According to the complaint, "the defendants have conspired with each Web master and others to engage in this unlawful conduct. In addition, the defendants…have violated common law by…hiring and retaining the defendants as advertising Web masters who they knew or should have known were sending illegal (unsolicited bulk email) messages."
The lawsuit is an attempt by AOL to deal with one of its biggest recurring headaches: spam. It is the top complaint from customers, and the complaints have reached 250,000 on a single day, the company said. While this is a small percentage of the 166 million emails sent every day through AOL, company representatives said one unhappy message is one too many.
"What we’re acting on is an obligation to our members to hold spammers accountable," said AOL’s Graham. "We are pursuing the owners of a program who give out incentives for porn spamming–and those that then go out and harvest email addresses and screen names to expressly send spam."

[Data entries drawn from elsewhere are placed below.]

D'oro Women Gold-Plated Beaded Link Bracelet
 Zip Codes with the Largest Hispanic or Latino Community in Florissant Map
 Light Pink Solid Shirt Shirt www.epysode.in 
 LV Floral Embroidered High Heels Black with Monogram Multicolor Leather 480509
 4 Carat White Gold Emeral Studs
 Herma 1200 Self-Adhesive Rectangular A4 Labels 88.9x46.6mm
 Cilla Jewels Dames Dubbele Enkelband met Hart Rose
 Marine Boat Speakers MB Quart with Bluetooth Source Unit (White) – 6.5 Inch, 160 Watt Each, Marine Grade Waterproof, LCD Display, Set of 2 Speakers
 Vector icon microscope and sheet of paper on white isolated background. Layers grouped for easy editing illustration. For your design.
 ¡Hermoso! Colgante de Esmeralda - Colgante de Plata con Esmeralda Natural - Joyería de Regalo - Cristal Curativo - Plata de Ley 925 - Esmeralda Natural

Other Internet companies are also trying to hold spammers accountable for their ill-gotten activities.
Last week, eBay said it would begin to crack down on members who send unsolicited email to other members, in response to mounting complaints. The company said it would warn members who send unsolicited email and take legal action if needed.
In November, attempting to distance itself from a spam controversy, Internet service provider PSINet cut off service to an admitted sender of unsolicited commercial email and pledged to amend its spam policy and educate its sales force.
A history of spam fights
AOL has fought against junk email since 1996. It has filed more than a dozen lawsuits against alleged spammers and has won against such notorious online promoters as Sanford Wallace’s Cyber Promotions.
"This lawsuit is, in effect, a continuation of ongoing anti-spam policies," Graham said.
For this case, in August 1999, AOL filed a "John Doe" lawsuit to investigate who was sending the bulk of its sex-related spam. Through discovery, the company linked the emails to Cyber Entertainment and Webmasters working to promote its sites. AOL’s outside council subpoenaed the company in February 2000, asking for information about several affiliated Webmasters. But lawyers for AOL said the company has only partly responded.
The lawyers for AOL, of Washington, D.C.-based Latham & Watkins, filed the lawsuit under a number of established statutes related to spam, including the Virginia Computer Crimes Act and the Federal Computer Fraud and Abuse Act.
The complaint includes several counts against the defendants, including trespassing under Virginia state common law, violations of Virginia state law–which outlaws the transmission of spam–and breaches of federal trademark laws. AOL charges that some of the Webmasters forged the company’s name in email headers.
"Spamming has become more complex, but we continue to pursue spam in any form or iteration and we will apply anti-spamming laws accordingly," Graham said.